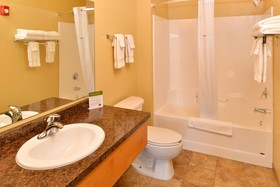 AmericInn by Wyndham Fargo Medical Center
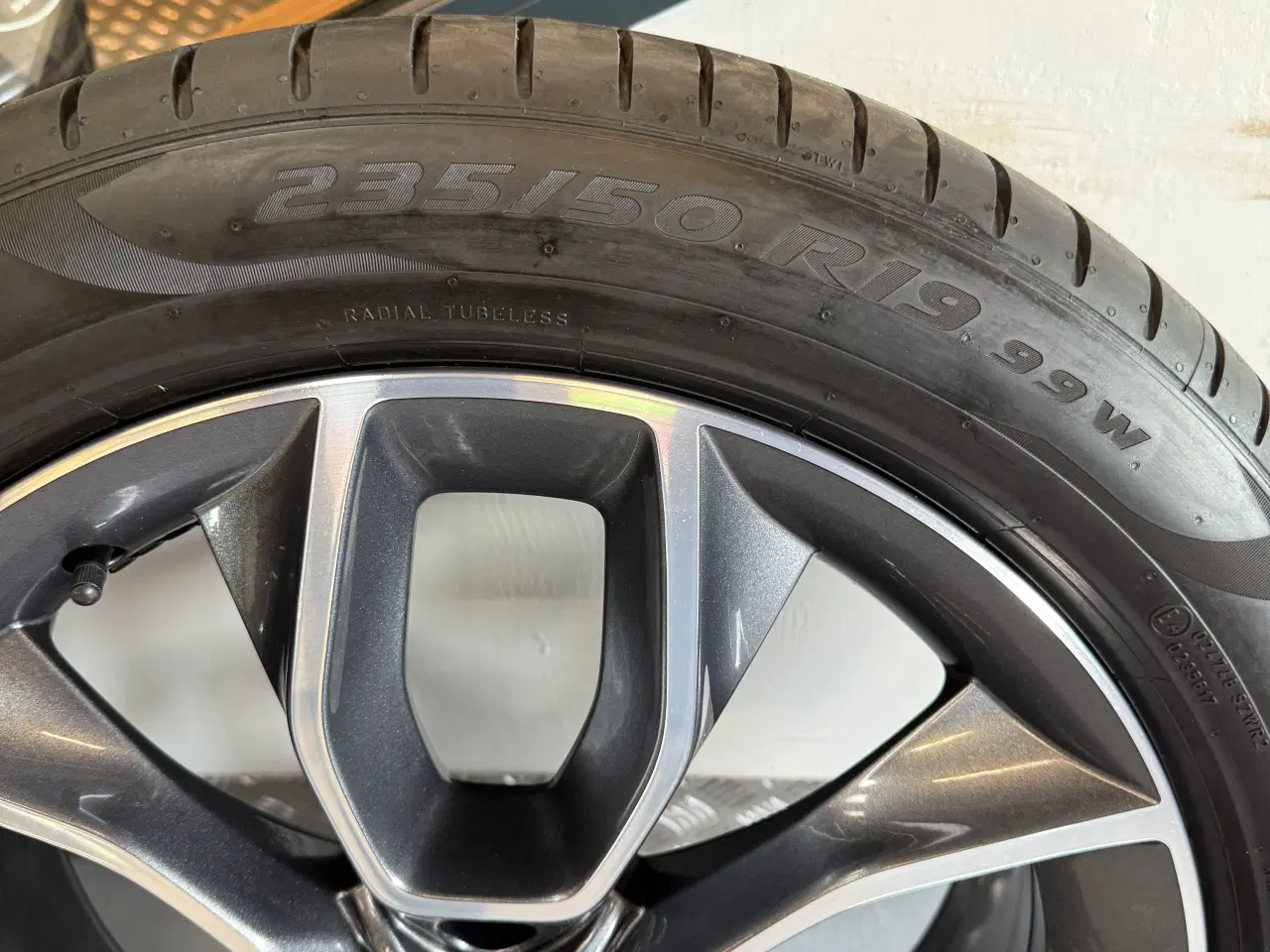 Billede 6 - Originale 19” Skoda fælge med hankook dæk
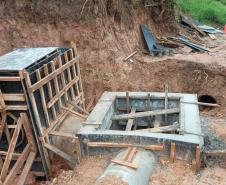 PR-092 em Doutor Ulysses obra de pavimentação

........

▸ Exercise aim
For this exercise, transcribe the data exactly but without its pictures.

▸ Written answer
 AmericInn by Wyndham Fargo Medical Center
 Billede 6 - Originale 19” Skoda fælge med hankook dæk
 PR-092 em Doutor Ulysses obra de pavimentação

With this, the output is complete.